A written confession from a Japanese official in World War II, which was made public on Monday, showed that Japan grew and traded opium during its occupation in northeast China.
The confession was from Tadayuki Furuumi, who worked for the government of "Manchukuo", the puppet state established by the Empire of Japan in northeast China from 1931 to 1945. The confession was posted on the website of the State Archives Administration (SAA).
Furuumi, born in Tokyo in 1900, worked for Japan's Ministry of Finance before his appointment to northeast China in July 1932. He successively took posts in the "Manchukuo" government as special division chief and section chief of the accountant office of the Ministry of General Affairs, undersecretary of the Ministry of Economic Affairs, undersecretary of the Ministry of General Affairs and director general of the Planning Bureau, before being arrested after Japan's defeat in 1945.
In April 1943, Furuumi "gave permission to plant opium in test fields in the plains of Mukden, Jinlin and Siping", and approved to expand plantation in the future, he wrote in the confession in 1954.
"In April 1945, I sold 100,000 liang (1 liang = 50 gram) of opium to the puppet government of Wang Jingwei in central China," he wrote.
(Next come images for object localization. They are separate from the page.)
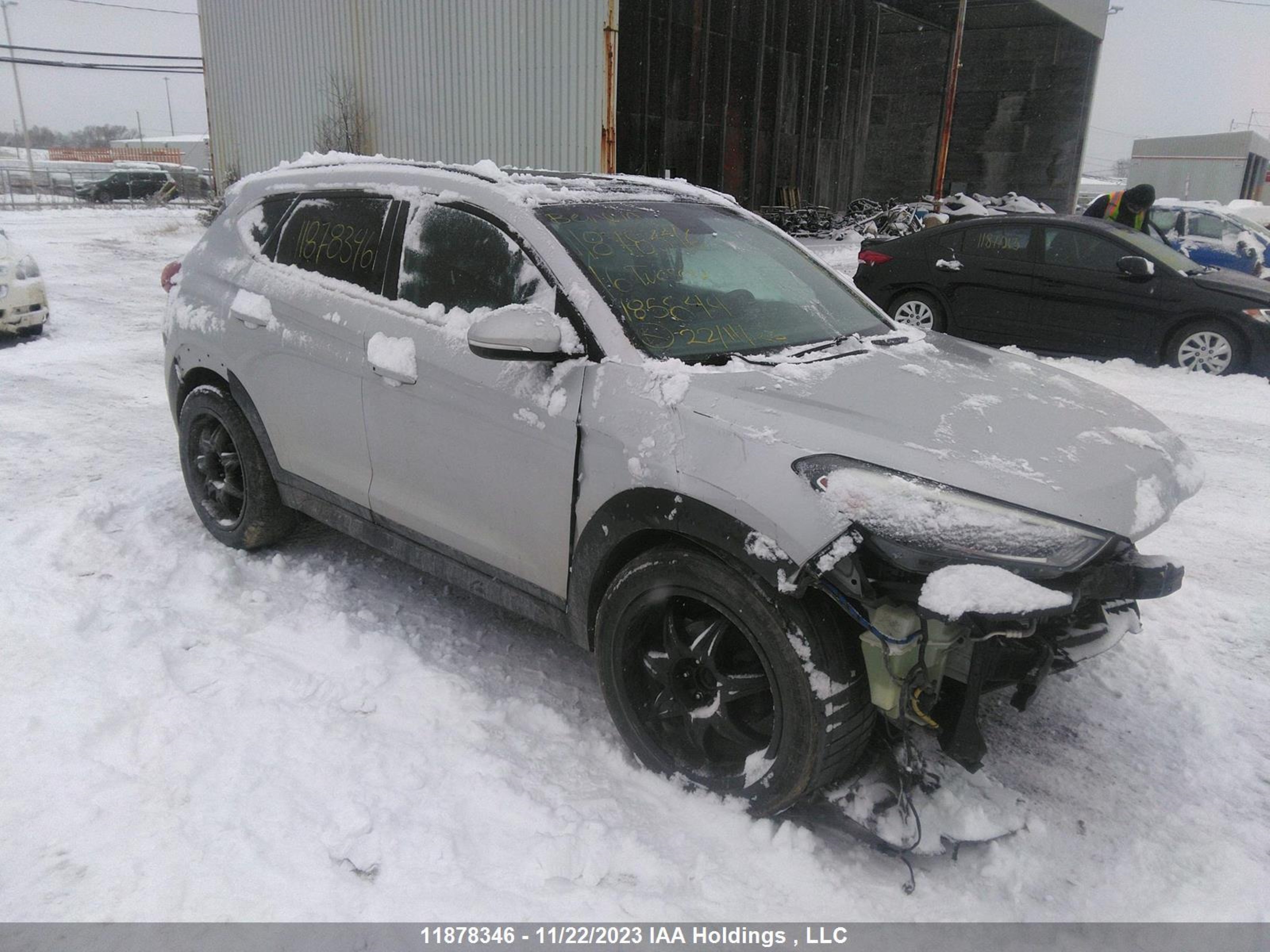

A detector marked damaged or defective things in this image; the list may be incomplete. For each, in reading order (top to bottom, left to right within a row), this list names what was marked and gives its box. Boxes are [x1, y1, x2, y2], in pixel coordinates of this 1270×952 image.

exposed headlight [792, 457, 1112, 579]
broken headlight housing [792, 457, 1112, 581]
damaged front bumper [808, 543, 1183, 777] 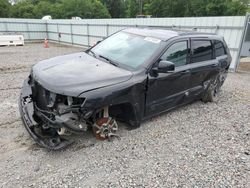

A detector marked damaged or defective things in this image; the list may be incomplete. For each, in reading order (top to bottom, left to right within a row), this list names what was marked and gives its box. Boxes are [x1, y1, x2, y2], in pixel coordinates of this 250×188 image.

crumpled hood [32, 52, 134, 96]
damaged front end [19, 75, 92, 150] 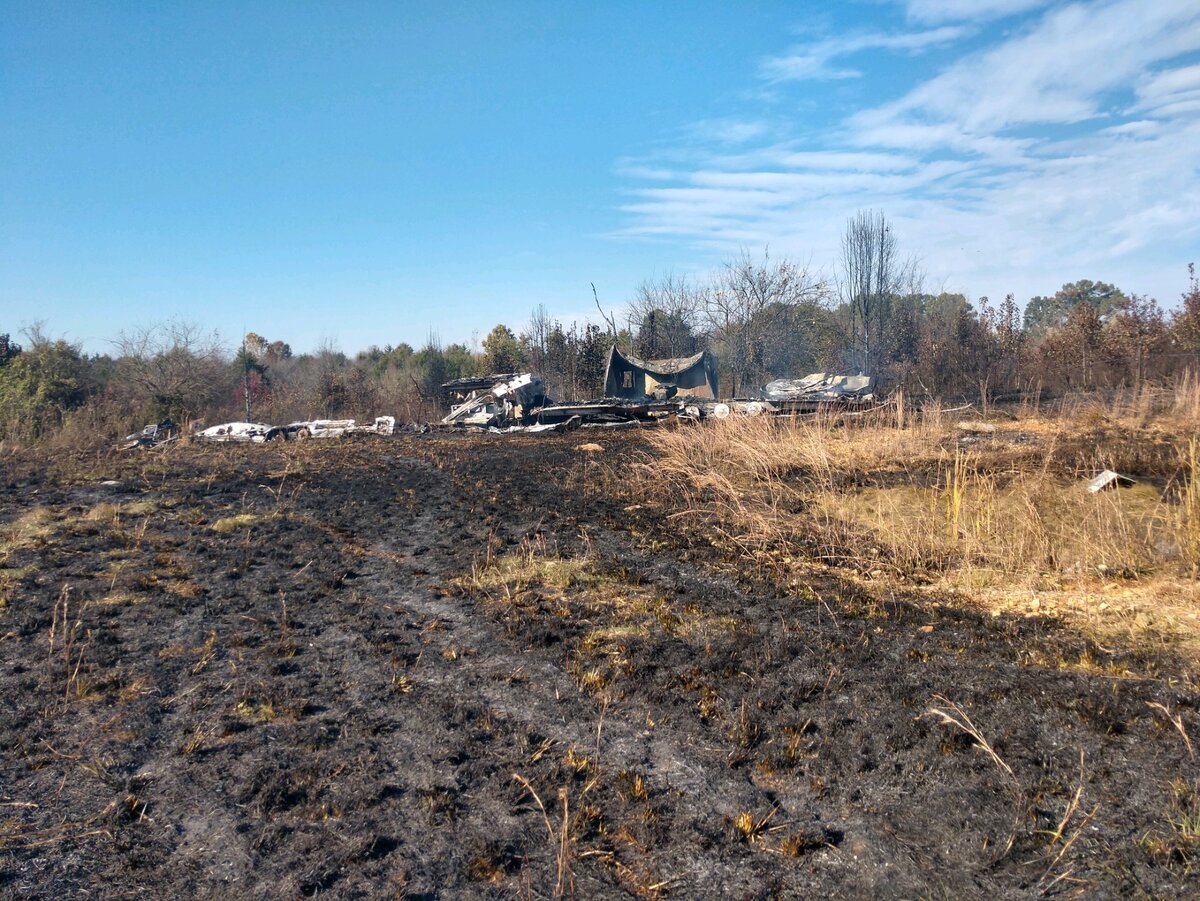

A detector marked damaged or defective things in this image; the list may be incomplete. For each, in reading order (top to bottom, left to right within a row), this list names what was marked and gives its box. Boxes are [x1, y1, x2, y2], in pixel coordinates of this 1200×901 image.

burned vehicle wreckage [436, 343, 878, 431] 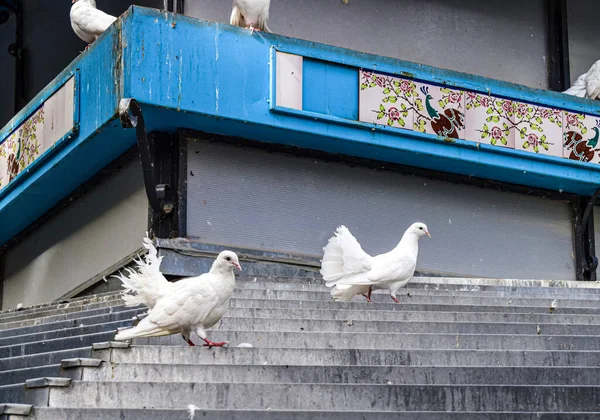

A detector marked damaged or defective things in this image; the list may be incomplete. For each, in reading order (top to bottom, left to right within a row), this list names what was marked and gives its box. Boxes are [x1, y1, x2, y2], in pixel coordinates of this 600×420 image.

rusty metal bracket [118, 99, 172, 213] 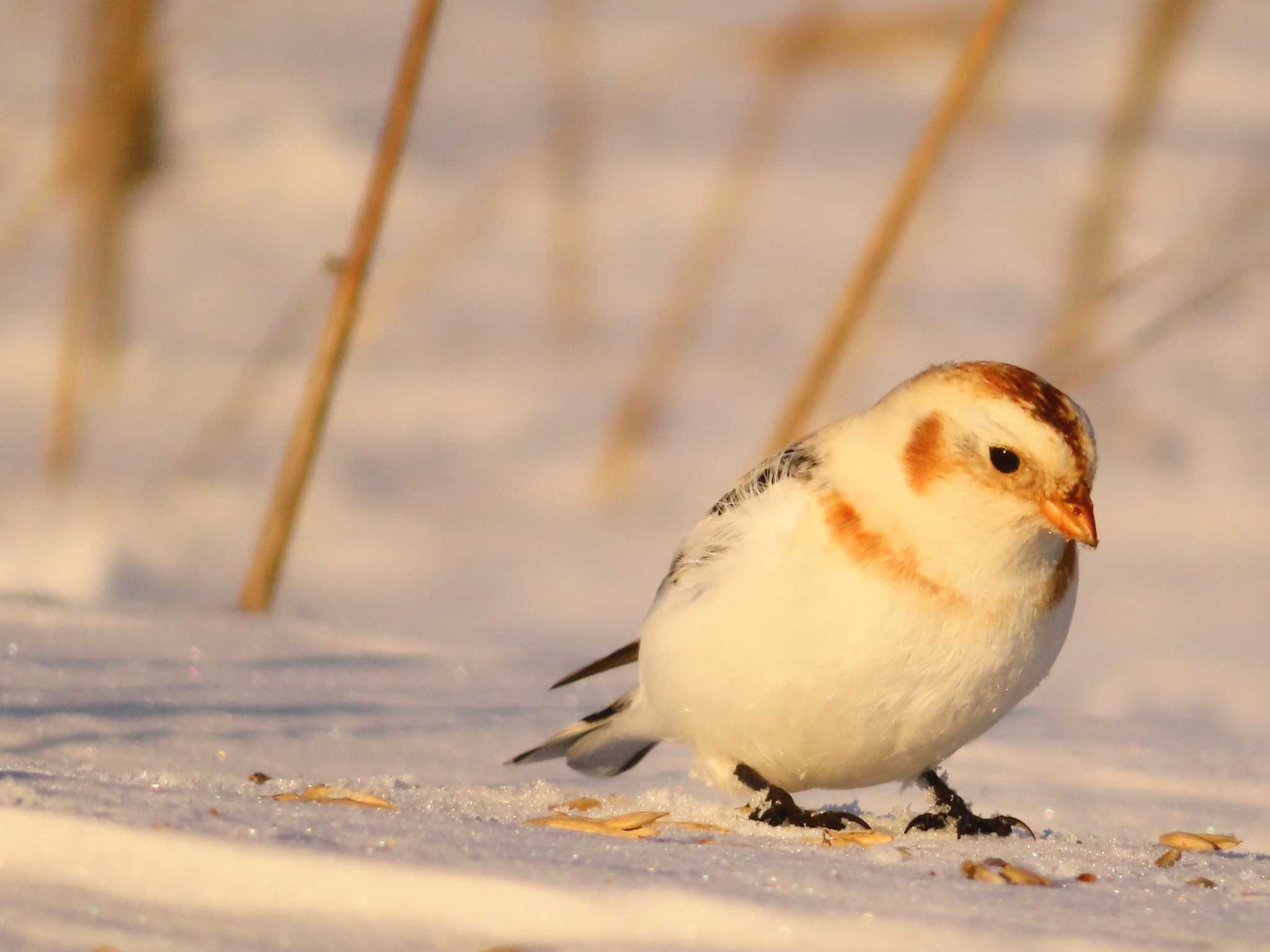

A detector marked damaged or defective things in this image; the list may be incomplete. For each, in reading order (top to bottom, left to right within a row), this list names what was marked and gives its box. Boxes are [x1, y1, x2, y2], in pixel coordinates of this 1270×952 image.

rusty brown marking [898, 412, 948, 496]
rusty brown marking [957, 362, 1086, 471]
rusty brown marking [819, 491, 957, 602]
rusty brown marking [1047, 540, 1077, 615] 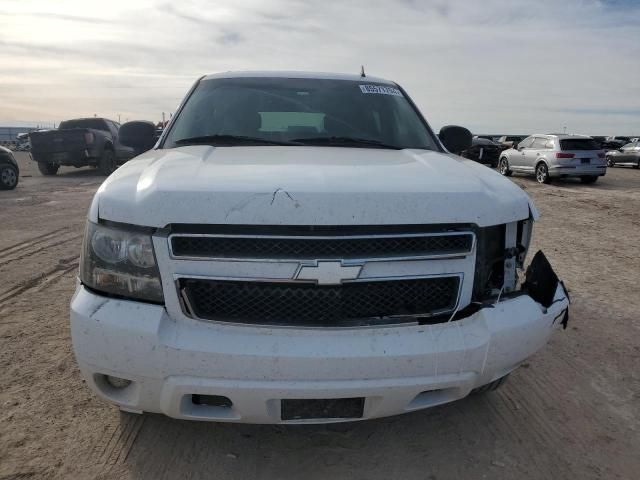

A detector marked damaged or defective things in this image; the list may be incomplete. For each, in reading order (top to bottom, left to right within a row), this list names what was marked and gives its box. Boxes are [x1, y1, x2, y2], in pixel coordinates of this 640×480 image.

Furuumi also wrote about the Japanese government's plan to immigrate one million households from Japan to northeast China in 20 years and exploit natural resources there.
This is the latest in a series of 45 Japanese war criminal confessions the SAA plans to publish. The SAA has been issuing one a day since July 3.
The move follows denials of war crimes in China by Japanese Prime Minister Shinzo Abe and right-wing politicians.